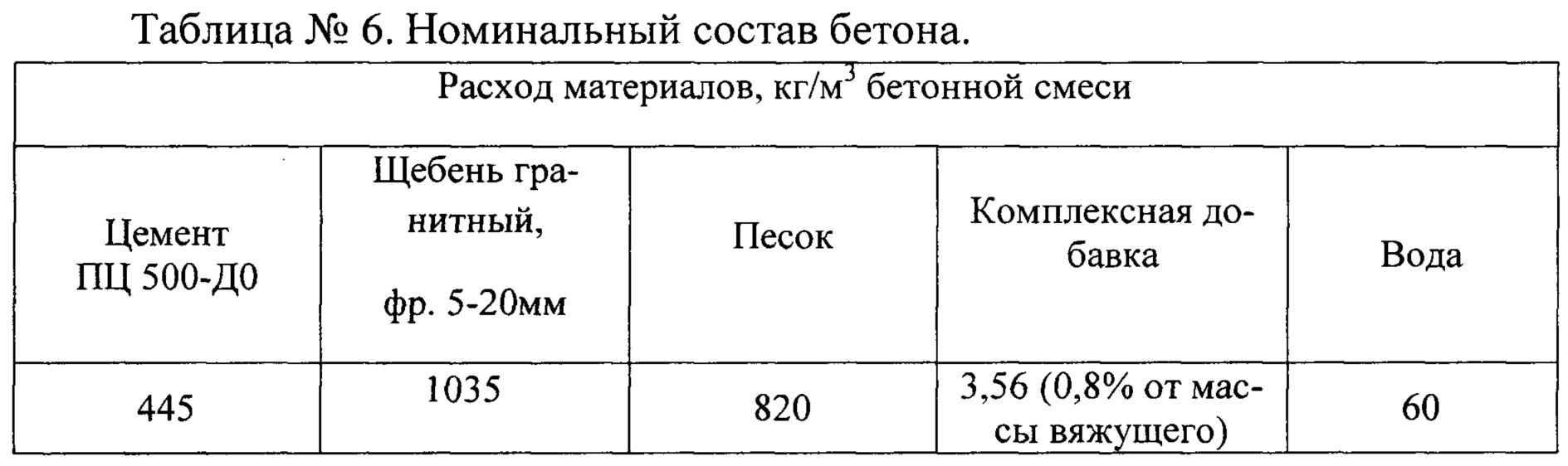 Номер номинального состава. Номинальный состав бетонной смеси это. Номинальный состав бетона. Номер номинального состава бетонной смеси что это. Состав бетонных работ.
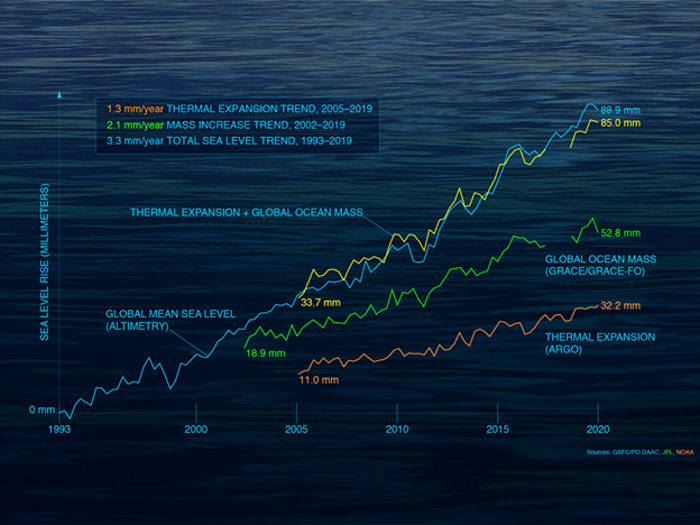 Sea Level Satellite Data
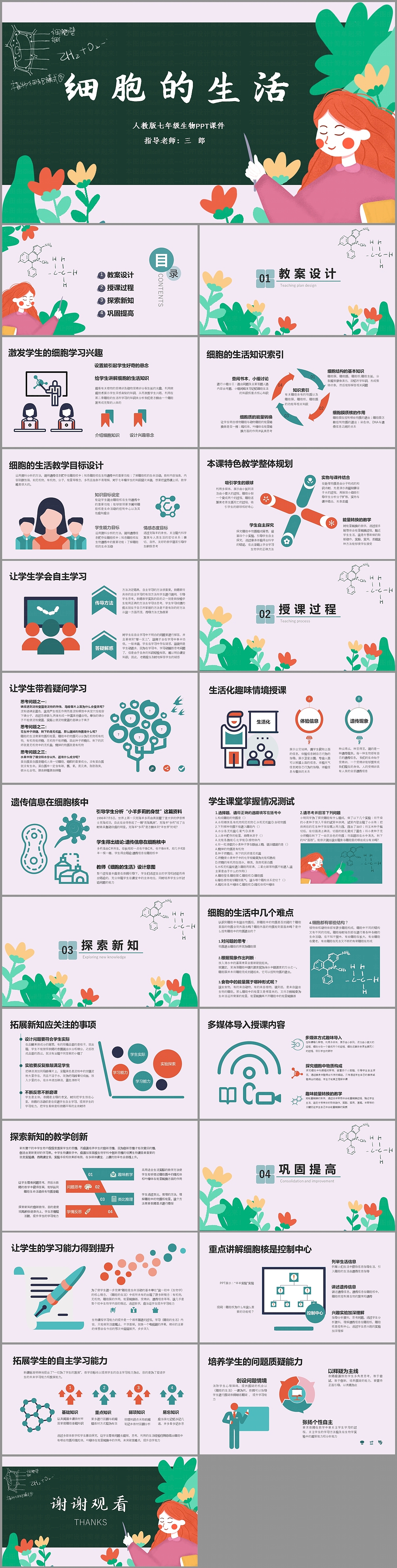 人教版七年级生物PPT课件《细胞的生活》
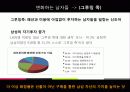남성화장품 서비스 6페이지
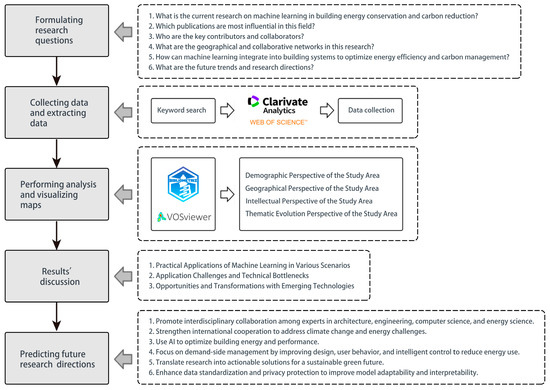 Numerical Simulation and Analysis of the Influencing Factors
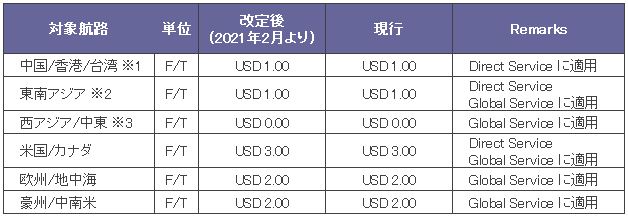 山九 LSS 山九 LSS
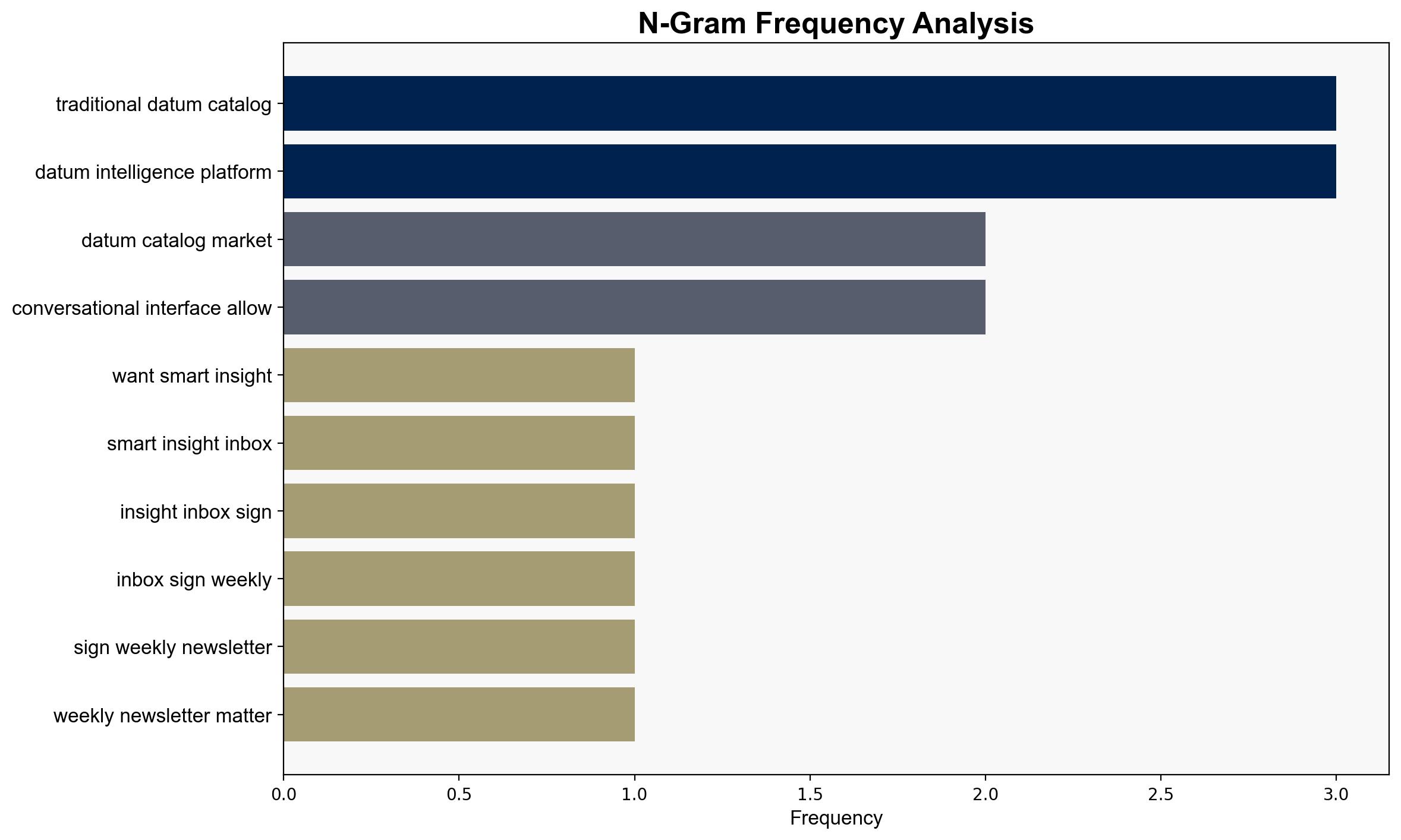 Alation says new query feature offers 30 accuracy boost helping enterprises turn data catalogs into problem solvers - VentureBeat - Image 4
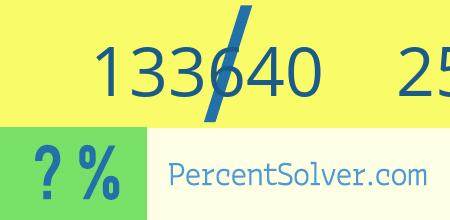 What is 133640 out of 257053 as a percentage ? 133640 out of 257053 as a percent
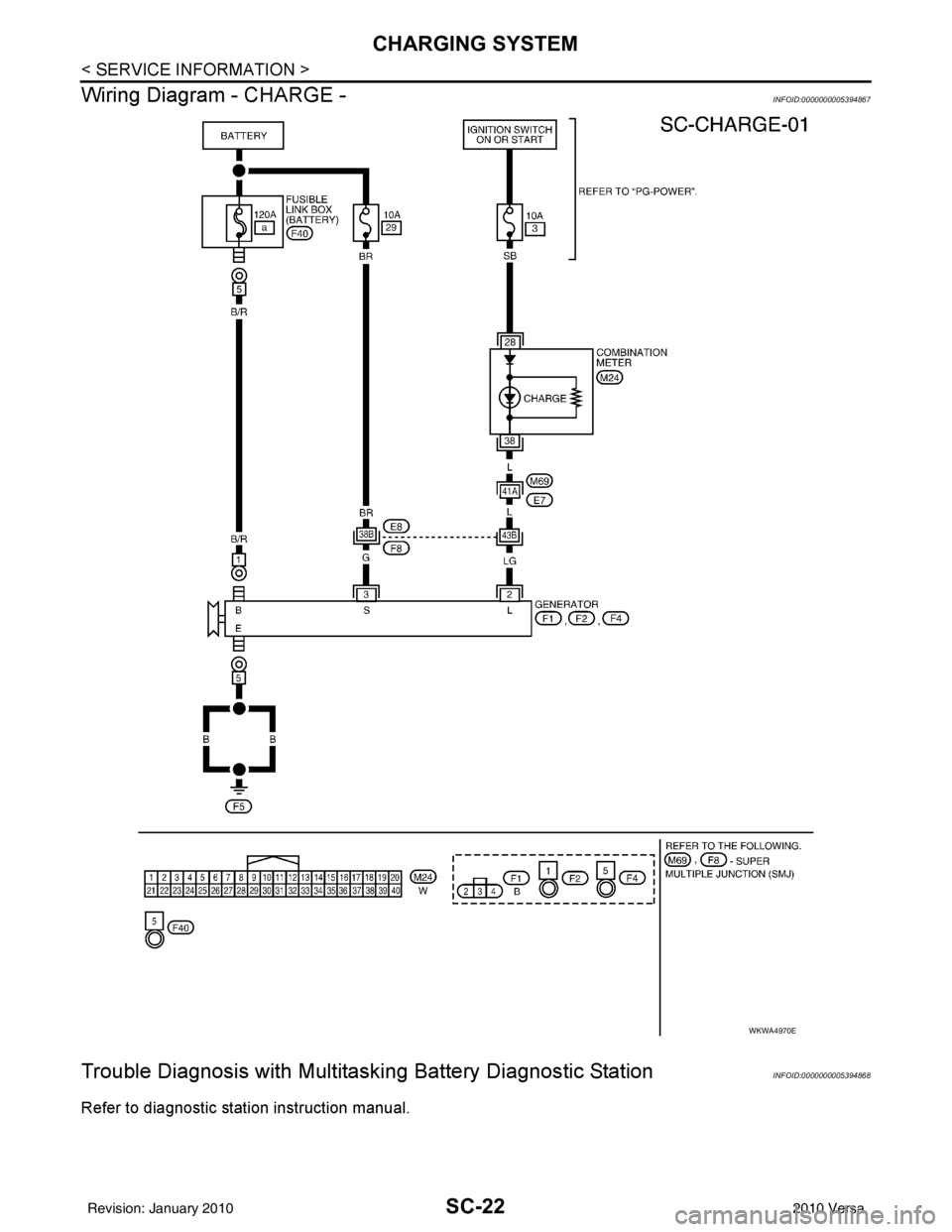 NISSAN TIIDA 2010  Service Repair Manual SC-22
< SERVICE INFORMATION >
CHARGING SYSTEM
Wiring Diagram - CHARGE -
INFOID:0000000005394867
Trouble Diagnosis with Multitas king Battery Diagnostic StationINFOID:0000000005394868
Refer to diagnost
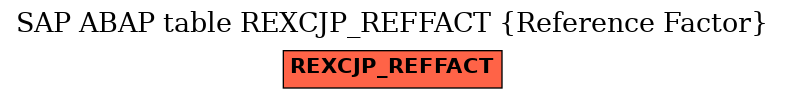 E-R Diagram for table REXCJP_REFFACT (Reference Factor)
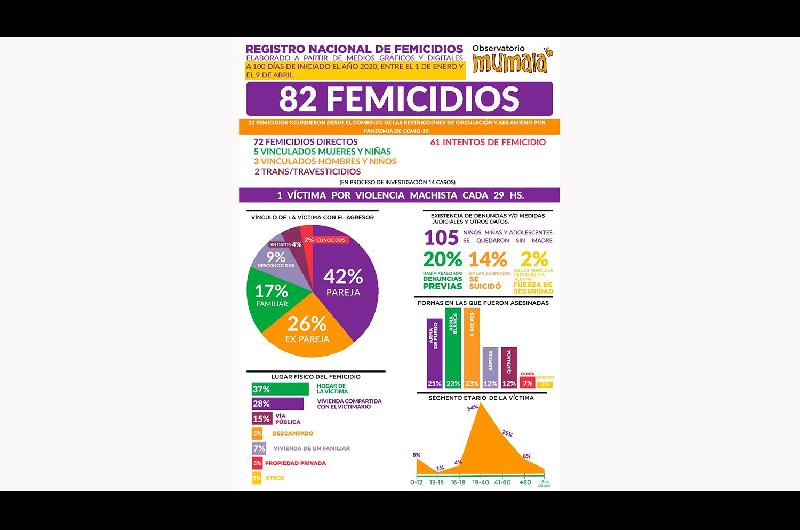 Se cometieron en Argentina 96 femicidios en los primeros 100 diacuteas del 2020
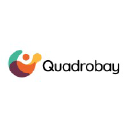 Quadrobay Technologies Pvt Ltd.,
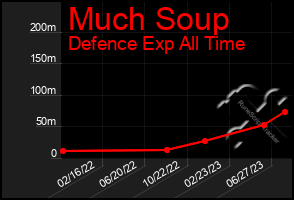 Total Graph of Much Soup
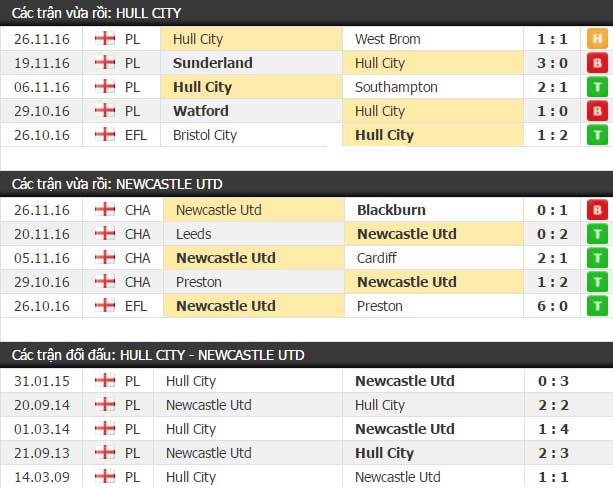 Thành tích đối đầu Hull City vs Newcastle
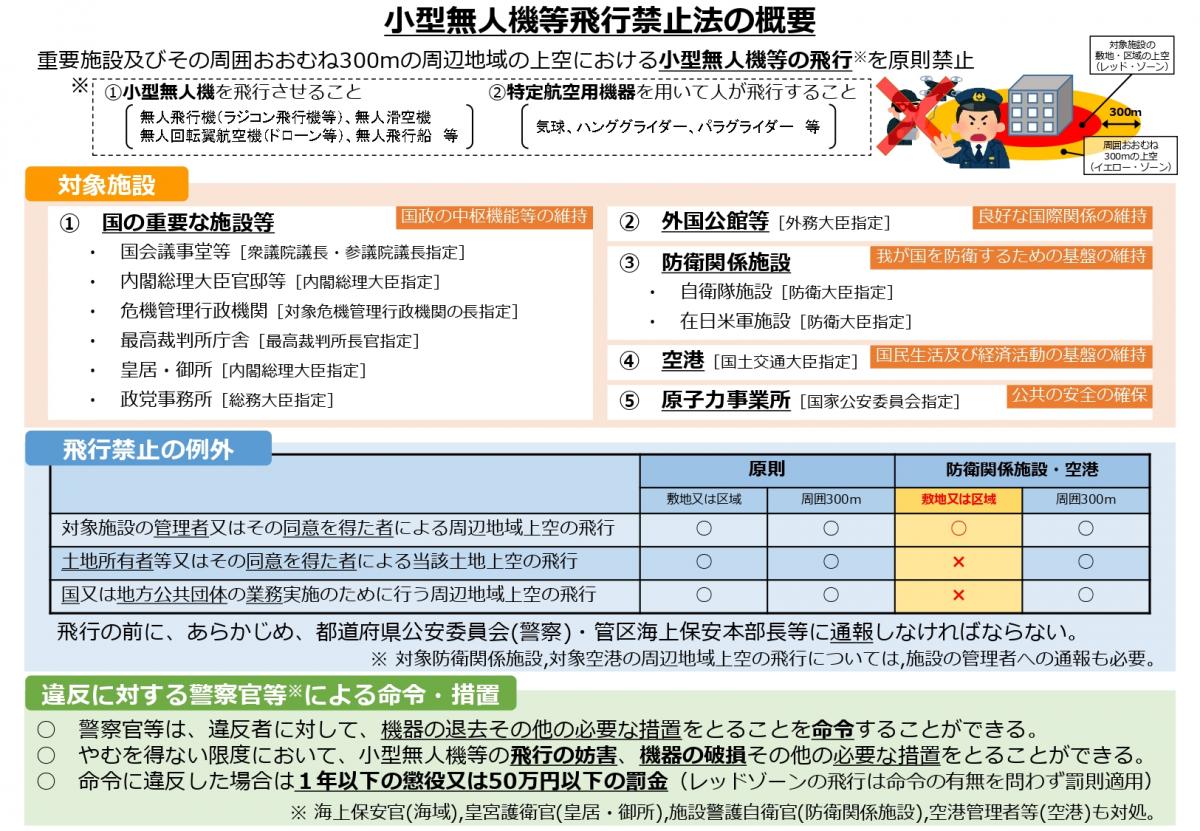 小型無人機等飛行禁止法の概要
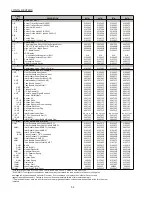 Preview for 54 page of Rheem P-M207 Instructions Manual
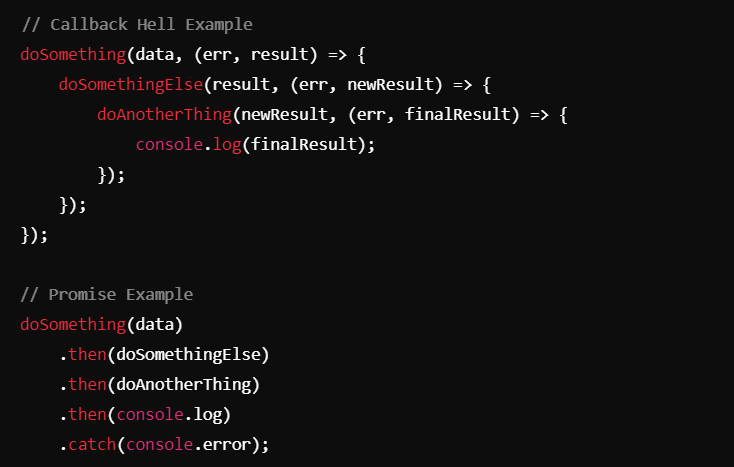 Callbacks vs Promises vs Async/Await: Detailed Comparison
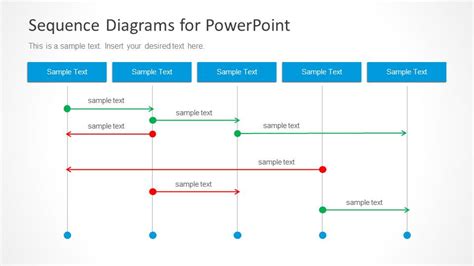 Powerpoint Sequence Diagram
*****
WORK REQUEST: For this exercise, transcribe exactly the part of the records above that opens with the line containing "CHARGING SYSTEM" and closes with the one containing "Preview for 54". Pictures are not part of the copy.

RESPONSE AREA:
CHARGING SYSTEM
Wiring Diagram - CHARGE -
INFOID:0000000005394867
Trouble Diagnosis with Multitas king Battery Diagnostic StationINFOID:0000000005394868
Refer to diagnost
 E-R Diagram for table REXCJP_REFFACT (Reference Factor)
 Se cometieron en Argentina 96 femicidios en los primeros 100 diacuteas del 2020
 Quadrobay Technologies Pvt Ltd.,
 Total Graph of Much Soup
 Thành tích đối đầu Hull City vs Newcastle
 小型無人機等飛行禁止法の概要
 Preview for 54 page of Rheem P-M207 Instructions Manual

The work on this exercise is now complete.